For all those years, the house, which had no modern amenities, was
served by a single shallow well just outside the kitchen door. Sanford remembers the water as particularly
pure, cold, and refreshing. The thing
that really impressed the young Sanford was that the well never ran dry.
“Even in the severest summer drought,” he writes, “when
others would be forced to resort to the lake for their drinking water, our old
well faithfully yielded up its cool, clear water.”1
Eventually, of course, the family modernized with
electricity and a new deep well. They
capped off the old well, figuring that they would use it when necessary. Several years later Sanford decided that he
had to open the old well and taste that familiar water, again. When he pried off the cap and peered into the
well, he expected to see his reflection on a glassy surface of still water. To his surprise and deep disappointment, he
had uncovered nothing but a dry pit.
After asking around, the Sanfords discovered what had
happened. Shallow wells such as theirs
are fed by hundreds of tiny, underground rivulets where the water flows
constantly. As long as water is removed from
the well, more water will flow in, and the passageways remain open. But if water is not removed from the well, it
ceases to flow through the passages. So
you see what happened. Because of
disuse, that beloved old well had run dry.

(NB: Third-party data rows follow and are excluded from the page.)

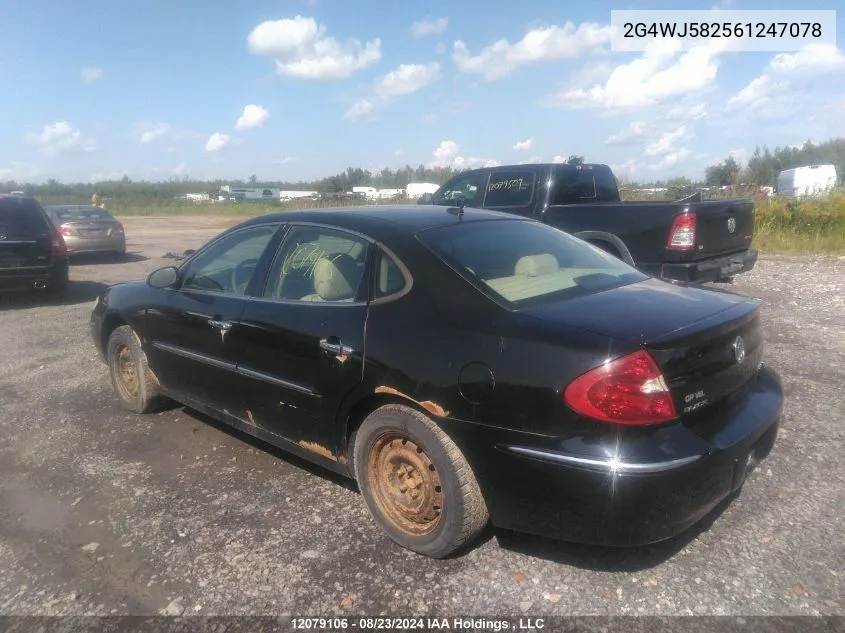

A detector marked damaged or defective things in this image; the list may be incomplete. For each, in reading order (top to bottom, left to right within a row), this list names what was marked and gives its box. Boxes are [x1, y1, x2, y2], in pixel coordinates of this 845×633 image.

rusty rim [112, 346, 138, 400]
rusty wheel [106, 326, 169, 414]
rust damage [370, 386, 446, 420]
rust damage [296, 442, 338, 462]
rusty rim [366, 434, 446, 532]
rusty wheel [370, 434, 448, 540]
rusty wheel [352, 402, 488, 556]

“The soul of a [person],” says Sanford, “is like this
well.”2
Surely,
the same is true of the church itself.
Without constantly drawing the living water of Spirit, individuals and
communities will run dry. We cap off our
hearts and just kind of don’t go back.
It happens all the time.
There are lots of reasons that we stop dipping into the
Holy Spirit and try to live without connection to the Giver and Sustainer of
life: We get busy and impatient. We grow
frustrated or disillusioned with God. We
grow frustrated and disillusioned
with Church.
We all have our challenges when it comes to maintaining
spiritual well-being. At the same time,
however, the Spirit constantly invites us to pray, and to understand prayer as
more than a devotional habit, but rather as a way of life. And when we, for whatever reason, lay aside
that vital aspect of ourselves, we not only become dry, we get used to dried out as a way of life. And so we carry on, often unaware of our
parched and dusty routine.
In Jesus’ parable of the widow and the unjust judge we see
a woman who has no credible authority in society. Without an adult male to legitimize her
existence, she is a nobody. Because all
the normal channels of communication and appeal are useless with the judge, the
woman must all but live on his doorstep.
She must plead without ceasing to his shallow, selfish, and dried-out
sense of justice. If she fails to do so,
the tiny streams of hope that fill the well of her faith in real justice, and
in her own sense of self-worth will clog up and cease to flow.
I have some good news: God is in no way like that deaf and
spiritless judge. God welcomes our
prayers with an attentive heart. Indeed,
I think God craves our attention. But we
are in mutual relationship with God,
and any kind of relationship requires constant and intentional mindfulness to
thrive. It's a communication thing.
So we pray. That is
to say: We watch and listen. We taste
and feel, read and speak, laugh and cry.
And woven throughout our conversational life of prayer, God whispers
hope, encouragement, and challenge to all of us. God answers not with single strands of ‘yes’
or ‘no,’ or ‘do this or that,’ but with the great tapestry of the struggle and
heartache, of the purpose and love in which we live.
Sitting still and quiet, and humbly attentive to the Spirit
in a place of solitude is one utterly necessary aspect of prayer. And it is that prayer that leads us to the
active prayer of re-imagining life, and then working diligently and humbly for
shalom – that is, for wholeness and well-being, for ourselves and for
others. Indeed, this is to pray with the heart and mind of God. Through such outward-focused prayer we begin
to experience God in ways that escape us when, like that heartless judge, we
limit God to something so totally other that
we lose sight of the God so richly and even materially present within self, and
neighbor, and earth.
Another angle on ceaseless prayer: Some years ago I read a
book entitled Faithful Travelers.
It is the true story of a six-week, father/daughter fly-fishing
excursion. Their trip is a quest of
discovery and healing. The father and
the girl's mother are recently separated.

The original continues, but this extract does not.